**Work item**:
Below are lines of data; restate word for word those running from the line containing "Baccante (litografía en" to the line containing "Collier Chaîne Dorée", inclusive, and no others.

**Dataset records**:
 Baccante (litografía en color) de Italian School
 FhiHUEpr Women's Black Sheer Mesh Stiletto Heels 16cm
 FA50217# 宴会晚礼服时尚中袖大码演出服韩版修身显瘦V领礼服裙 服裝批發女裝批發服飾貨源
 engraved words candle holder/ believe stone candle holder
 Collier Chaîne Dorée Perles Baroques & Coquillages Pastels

---

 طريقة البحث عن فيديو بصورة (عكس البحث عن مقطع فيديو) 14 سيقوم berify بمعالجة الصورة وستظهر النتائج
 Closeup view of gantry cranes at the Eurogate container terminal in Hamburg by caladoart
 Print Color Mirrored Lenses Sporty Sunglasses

**Response area**:
 Baccante (litografía en color) de Italian School
 FhiHUEpr Women's Black Sheer Mesh Stiletto Heels 16cm
 FA50217# 宴会晚礼服时尚中袖大码演出服韩版修身显瘦V领礼服裙 服裝批發女裝批發服飾貨源
 engraved words candle holder/ believe stone candle holder
 Collier Chaîne Dorée Perles Baroques & Coquillages Pastels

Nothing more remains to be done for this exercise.